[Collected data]
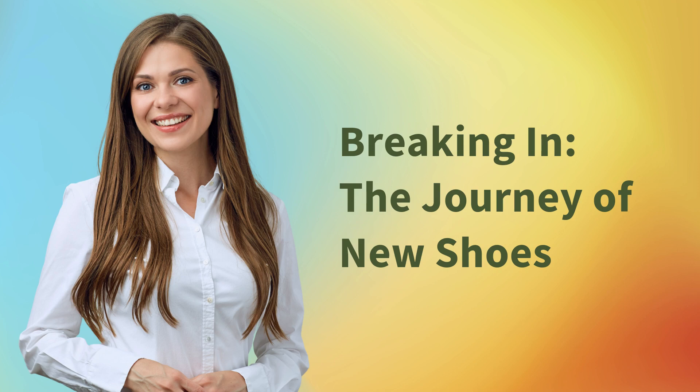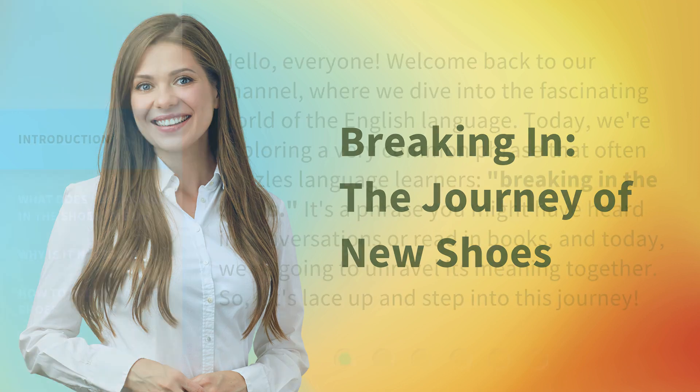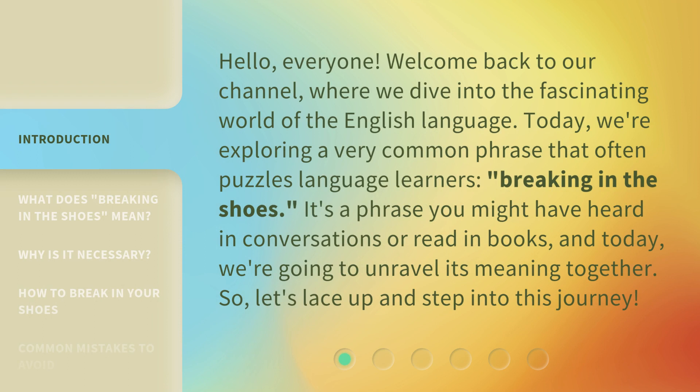Breaking in: the journey of new shoes. Hello, everyone. Welcome back to our channel, where we dive into the fascinating world of the English language. Today, we're exploring a very common phrase that often puzzles language learners: breaking in the shoes. It's a phrase you might have heard in conversations or read in books, and today we're going to unravel its meaning together. So, let's lace up and step into this journey.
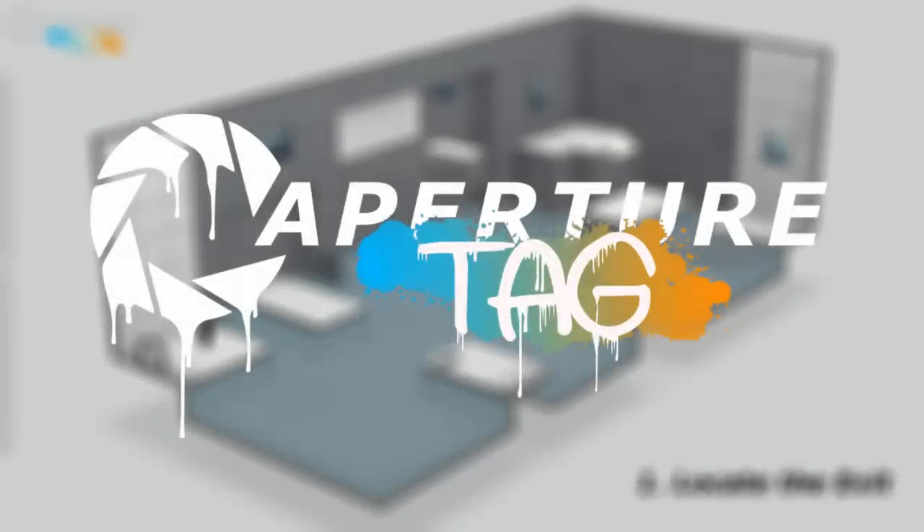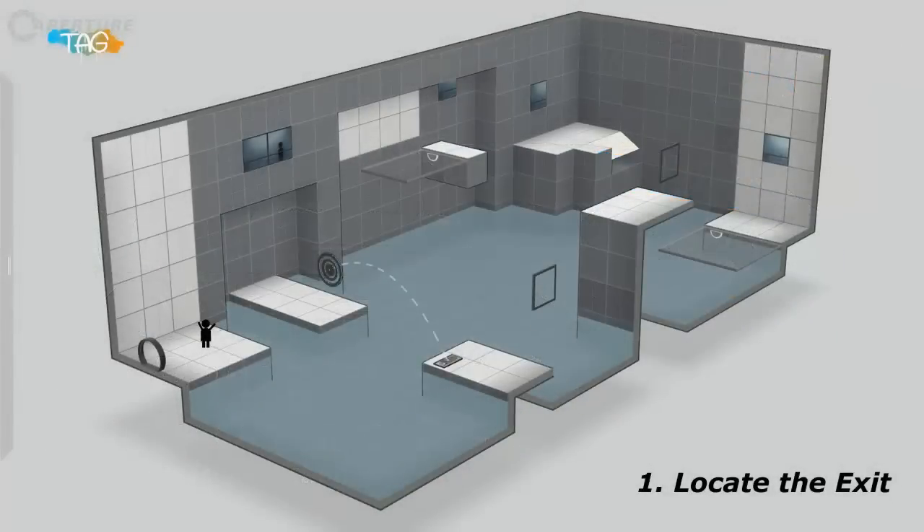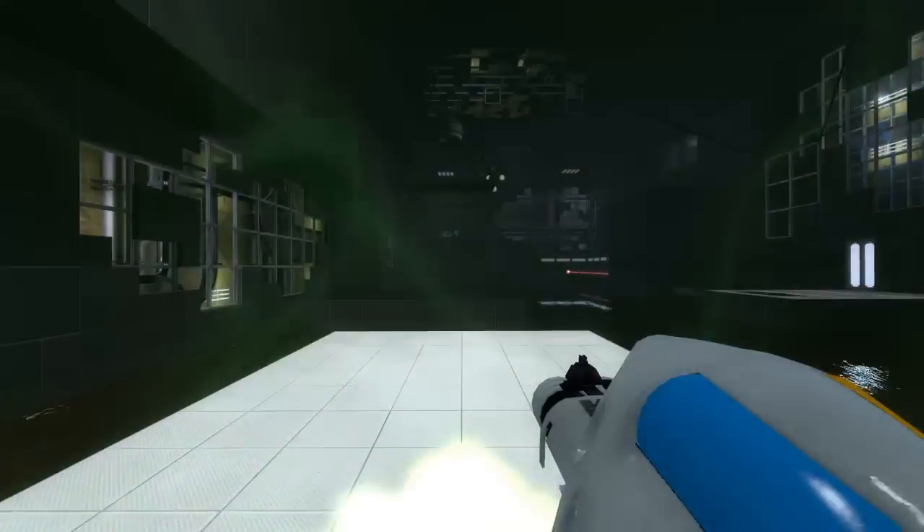Is this thing on? It's on? Hello, and welcome to Aperture Tag, the paint gun testing initiative. As a test participant, you will be required to perform simple tasks such as locating an exit, opening the exit, and reaching the exit. Here's a real life example.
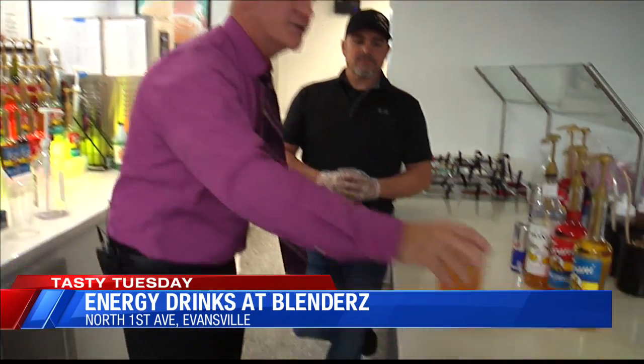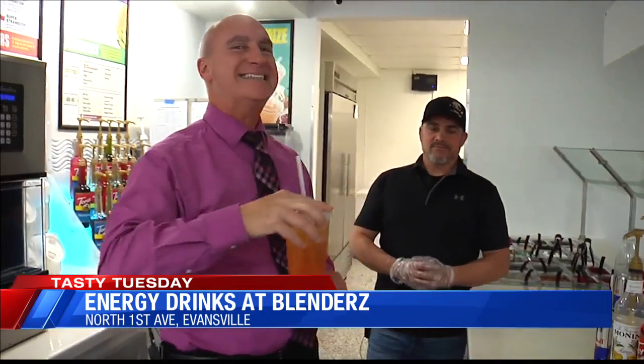So this is all fantastic — you've got all these different options right here at Blenders. Can you give everybody the hours and the times you guys are available? We're open from 7 a.m. to 9 p.m. Sunday through Thursday, until 10 p.m. on Friday and Saturday. Brent, I appreciate it. This is fantastic — I love this on North First Avenue. It's Blenders. Check it out. Get yourself a nice little jolt to get your morning going.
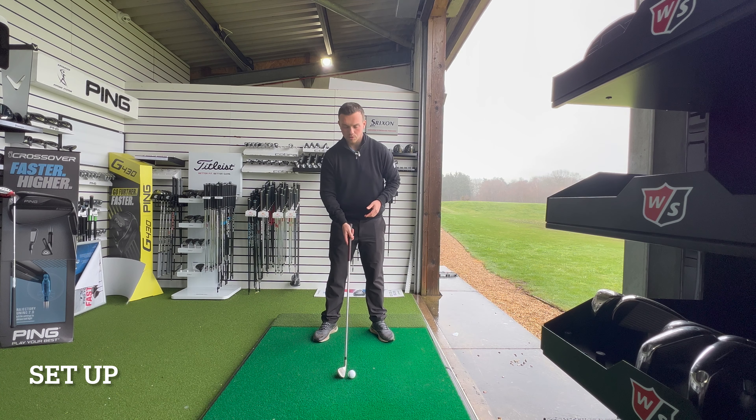The final setup checkpoint is ensuring that we have a correct balance line. When we get set up, we should be able to draw a line through the armpits, edge of the knees, and the balls of the feet — that shows someone who is perfectly in balance. A simple way to find it is to drop forwards into the toes, then back into the heels, and find that middle ground before you swing.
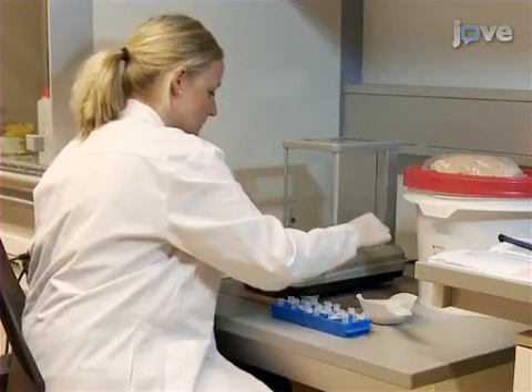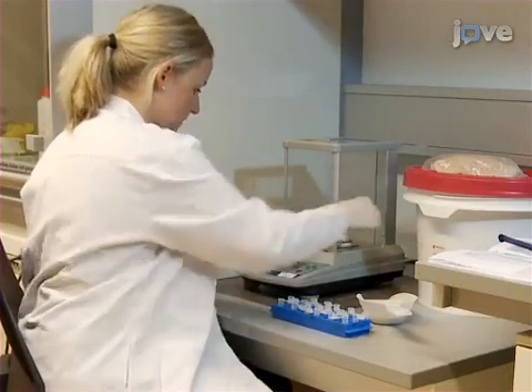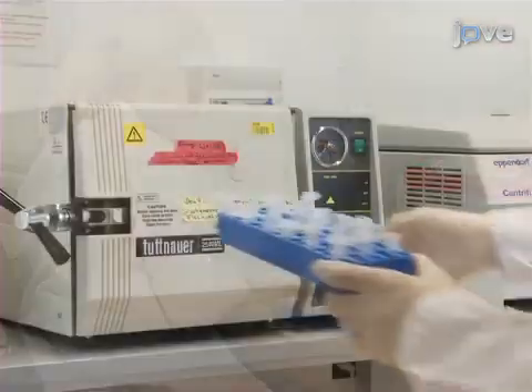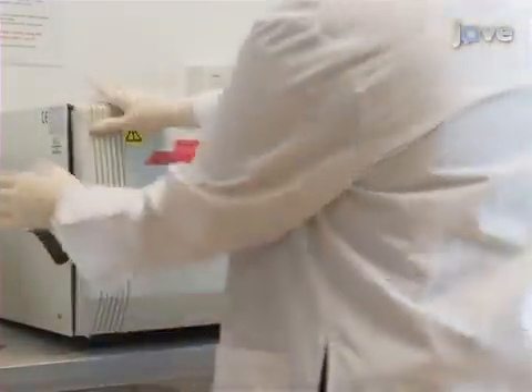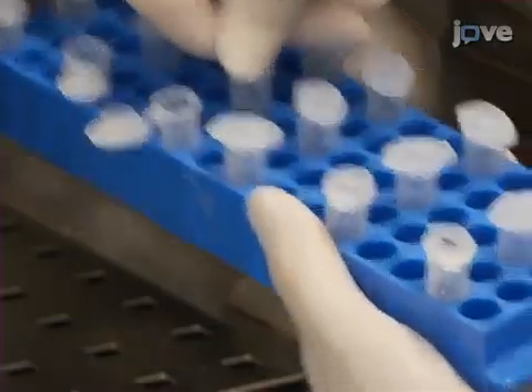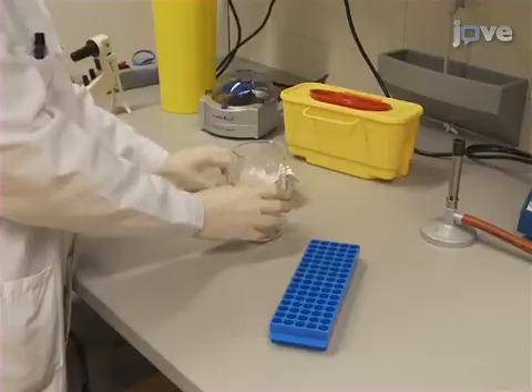Begin by weighing 50–80mg samples of chitin flakes in standard 1.5ml plastic tubes. Then, keeping the lids of the tubes open, autoclave the flakes. After the autoclave has cooled, immediately close the lids, and store the autoclaved chitin flakes at room temperature.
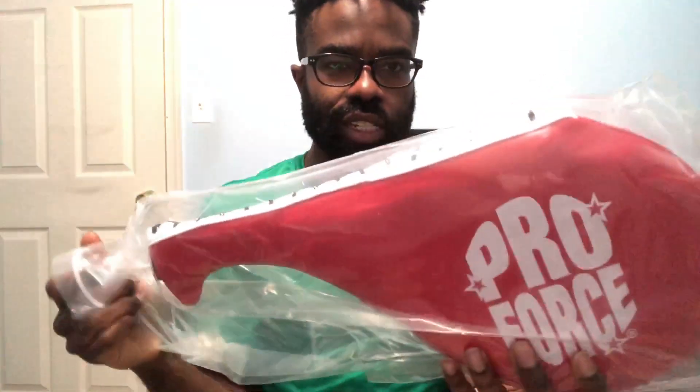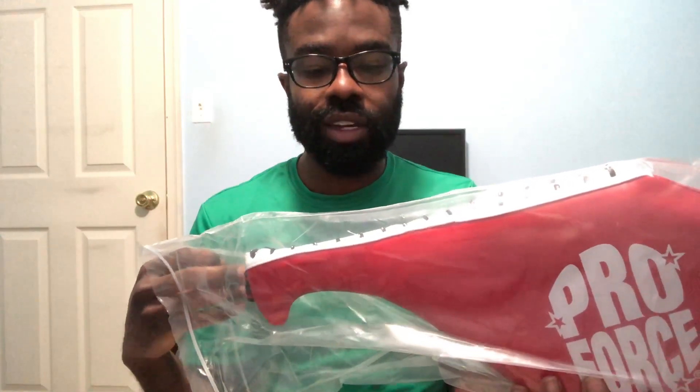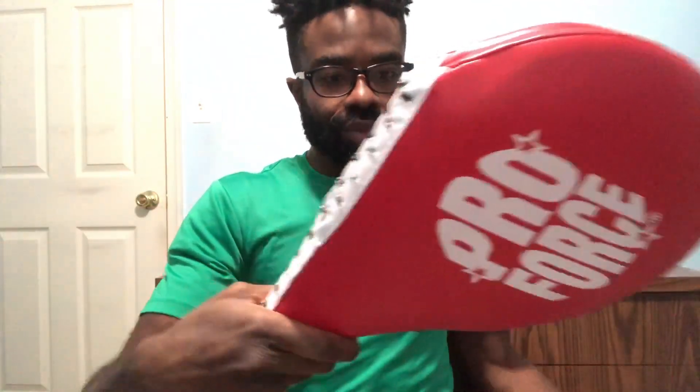All right, so here we got ProForce. This is definitely going to be useful for me when I'm training with somebody, because I might not be able to kick this myself unless I attach it to some sort of wall or bar. Here's what we got so far — decent length, really. I do think this will allow me to hold it out so I don't get my hands kicked when I'm holding it for somebody. Let me just also test to see how it claps.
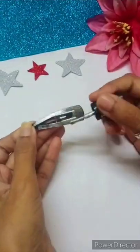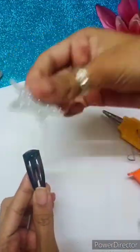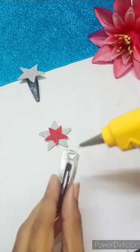Then you can paint the hair pin with nail polish. If you want to paint it, you can also paint it. And then with a glue gun, you can stick it. So this is our simple hair pin and this is our double star.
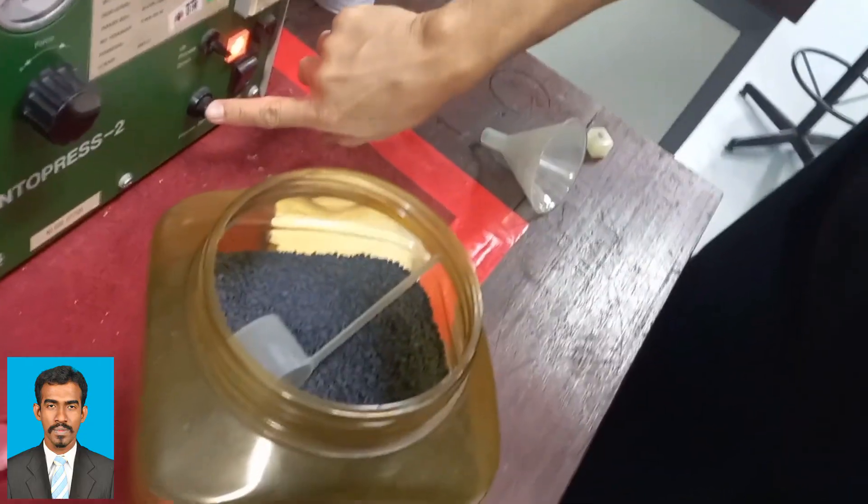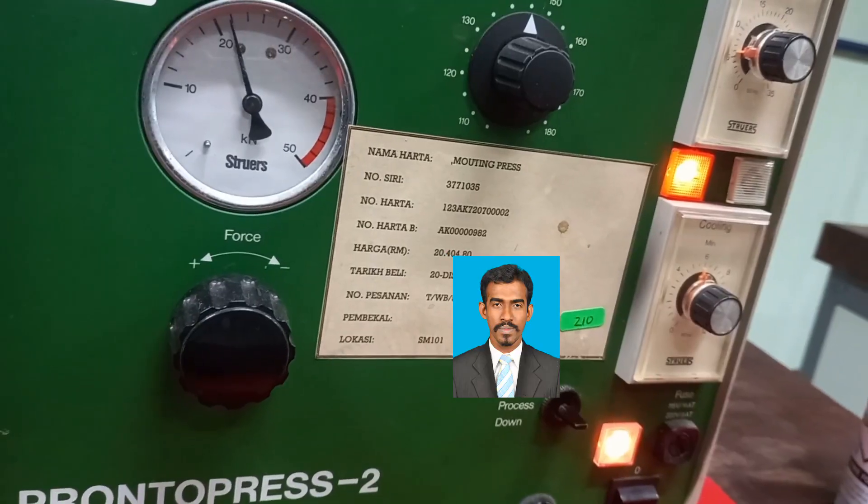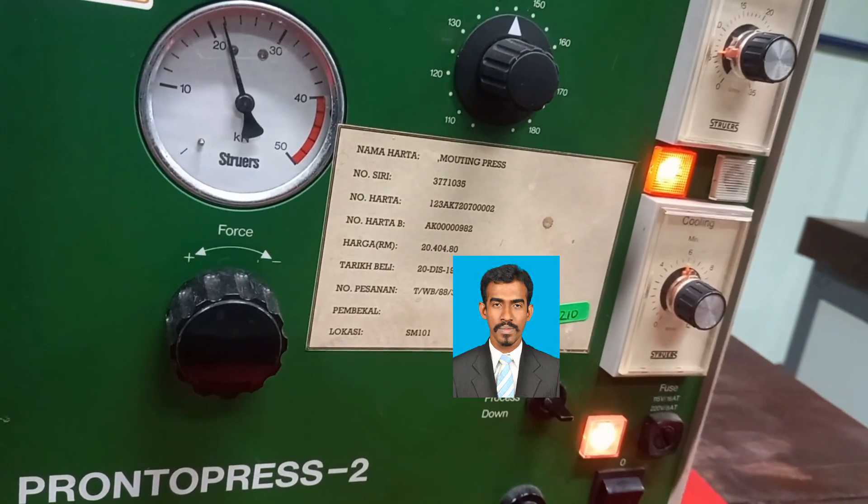Then close the mold with the mold cap and secure it. Then turn on the machine. Once the machine is on, the temperature and pressure will keep on increasing until the specified value.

=== Problem to work on ===
Without including any picture, repeat the data exactly.

=== Written response ===
Breaking in: the journey of new shoes. Hello, everyone. Welcome back to our channel, where we dive into the fascinating world of the English language. Today, we're exploring a very common phrase that often puzzles language learners: breaking in the shoes. It's a phrase you might have heard in conversations or read in books, and today we're going to unravel its meaning together. So, let's lace up and step into this journey.
Is this thing on? It's on? Hello, and welcome to Aperture Tag, the paint gun testing initiative. As a test participant, you will be required to perform simple tasks such as locating an exit, opening the exit, and reaching the exit. Here's a real life example.
So this is all fantastic — you've got all these different options right here at Blenders. Can you give everybody the hours and the times you guys are available? We're open from 7 a.m. to 9 p.m. Sunday through Thursday, until 10 p.m. on Friday and Saturday. Brent, I appreciate it. This is fantastic — I love this on North First Avenue. It's Blenders. Check it out. Get yourself a nice little jolt to get your morning going.
The final setup checkpoint is ensuring that we have a correct balance line. When we get set up, we should be able to draw a line through the armpits, edge of the knees, and the balls of the feet — that shows someone who is perfectly in balance. A simple way to find it is to drop forwards into the toes, then back into the heels, and find that middle ground before you swing.
Begin by weighing 50–80mg samples of chitin flakes in standard 1.5ml plastic tubes. Then, keeping the lids of the tubes open, autoclave the flakes. After the autoclave has cooled, immediately close the lids, and store the autoclaved chitin flakes at room temperature.
All right, so here we got ProForce. This is definitely going to be useful for me when I'm training with somebody, because I might not be able to kick this myself unless I attach it to some sort of wall or bar. Here's what we got so far — decent length, really. I do think this will allow me to hold it out so I don't get my hands kicked when I'm holding it for somebody. Let me just also test to see how it claps.
Then you can paint the hair pin with nail polish. If you want to paint it, you can also paint it. And then with a glue gun, you can stick it. So this is our simple hair pin and this is our double star.
Then close the mold with the mold cap and secure it. Then turn on the machine. Once the machine is on, the temperature and pressure will keep on increasing until the specified value.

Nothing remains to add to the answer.